● Goal of the exercise
When you reach the line containing "Reflective Dog Leash" in the records below, set it down exactly, together with every later line through the end, but not the pictures.

┌─ Supplied data

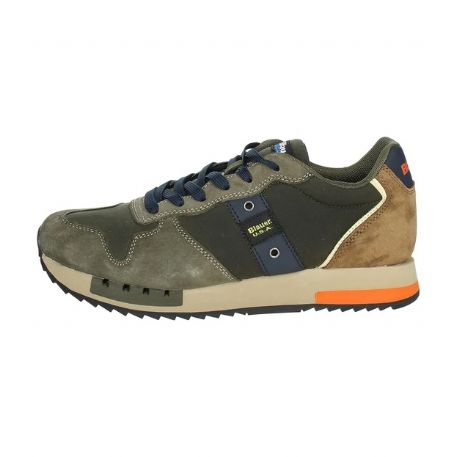 SNEAKERS BLAUER UOMO  WAXED CANVAS RUNNING F3QUEENS01/WAX MIL/BRW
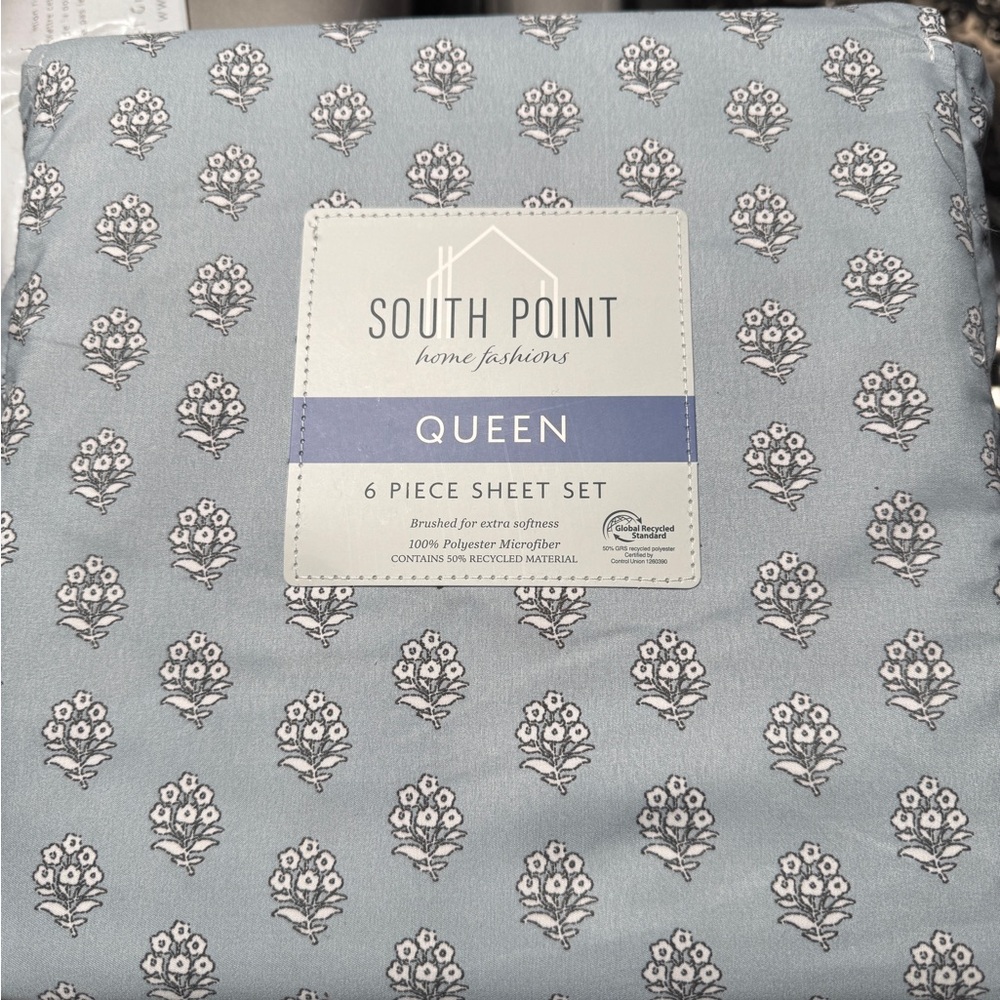Queen Flat Sheet only - Gray blue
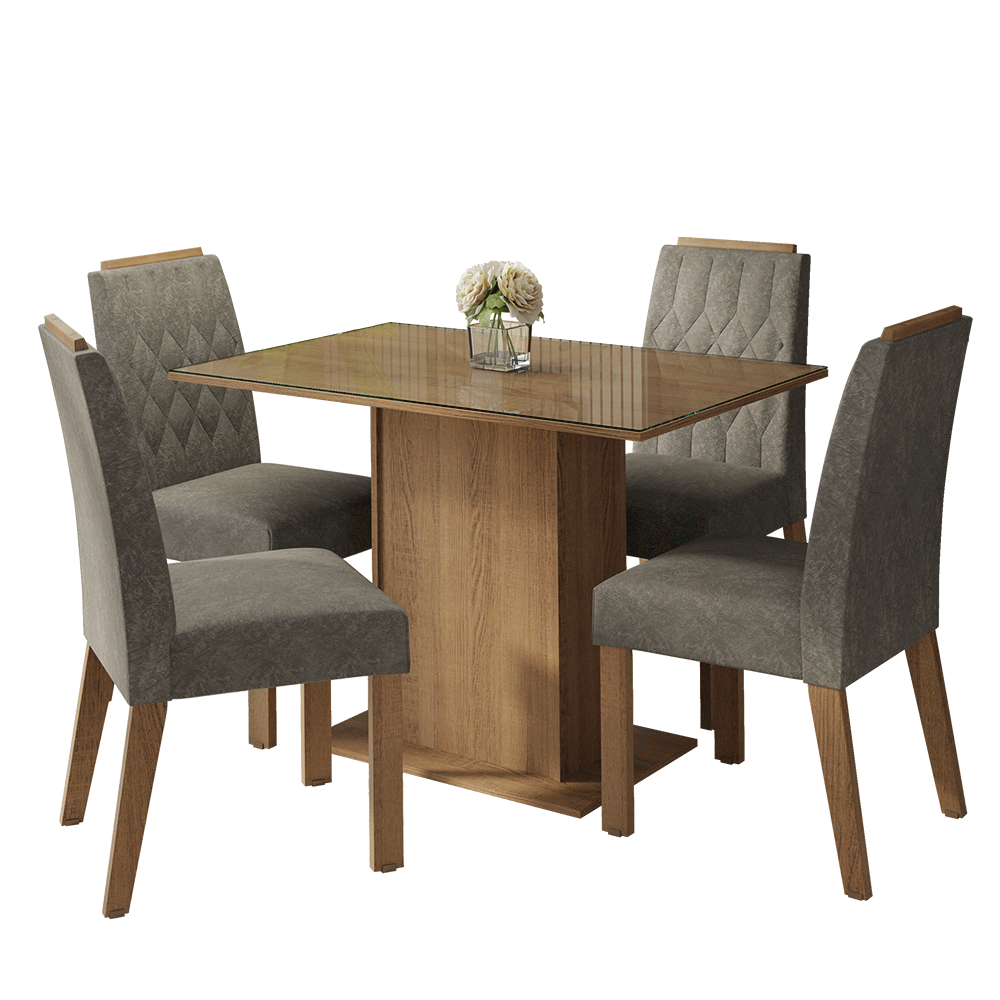 Conjunto de Comedor Encimera de Vidrio 4 Sillas Marrón/Silver Pitanga Madesa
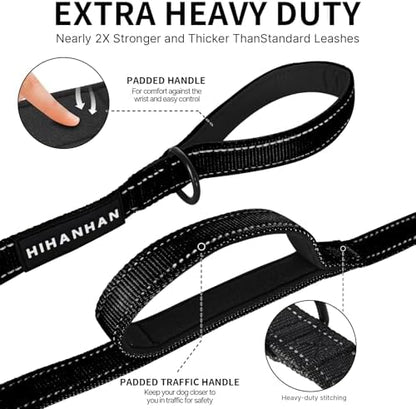Reflective Dog Leash with Double Handle, Dog Leash 6 FT Long, Supports Medium, and Large Dogs, Heavy Duty for Walking, Running, and Training, Black (Pack of 2) - Image 3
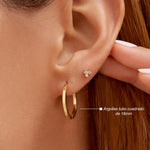 ARGOLLAS TUBO CUADRADO EN ORO 18K - Thumbnail 2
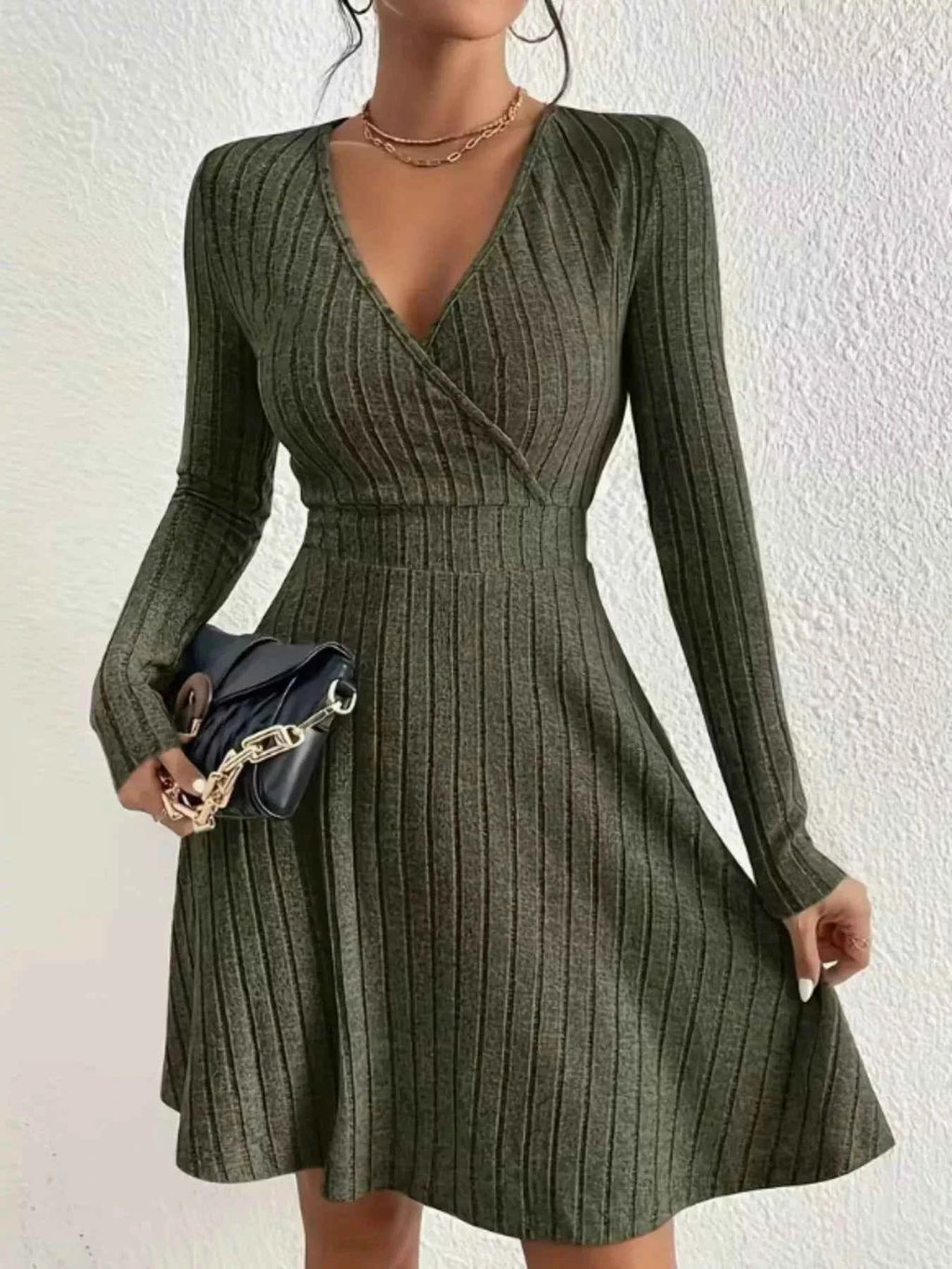 Ribbed Knit Wrap Dress for Effortless Style and Comfort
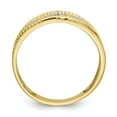 thumbnail image 2 of 10K Yellow Gold Ring Band Wedding Diamond Round & Rhodium .01ct. Trio Men's Cross , Size 6, 2 of 5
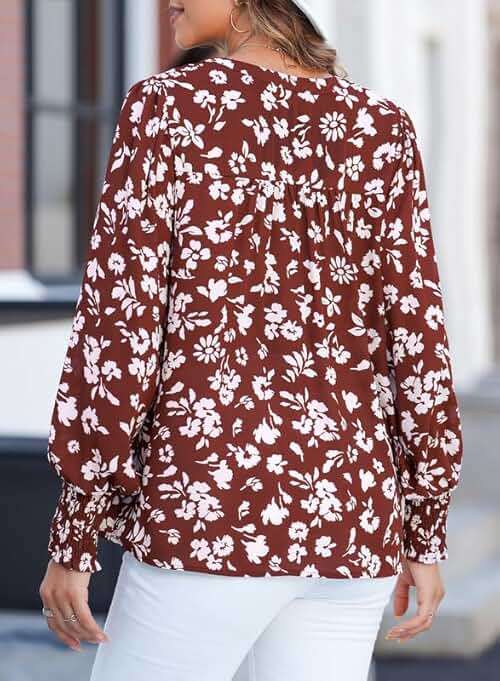 Dokotoo Women's Casual V Neck Easel Floral Print Long Sleeve Blouses Smocked Button Down Shirts Bohemian Top - Image 5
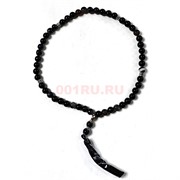 Четки 50 бусин 10 мм из черного полосатого агата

└─

● Answer area
Reflective Dog Leash with Double Handle, Dog Leash 6 FT Long, Supports Medium, and Large Dogs, Heavy Duty for Walking, Running, and Training, Black (Pack of 2) - Image 3
 ARGOLLAS TUBO CUADRADO EN ORO 18K - Thumbnail 2
 Ribbed Knit Wrap Dress for Effortless Style and Comfort
 thumbnail image 2 of 10K Yellow Gold Ring Band Wedding Diamond Round & Rhodium .01ct. Trio Men's Cross , Size 6, 2 of 5
 Dokotoo Women's Casual V Neck Easel Floral Print Long Sleeve Blouses Smocked Button Down Shirts Bohemian Top - Image 5
 Четки 50 бусин 10 мм из черного полосатого агата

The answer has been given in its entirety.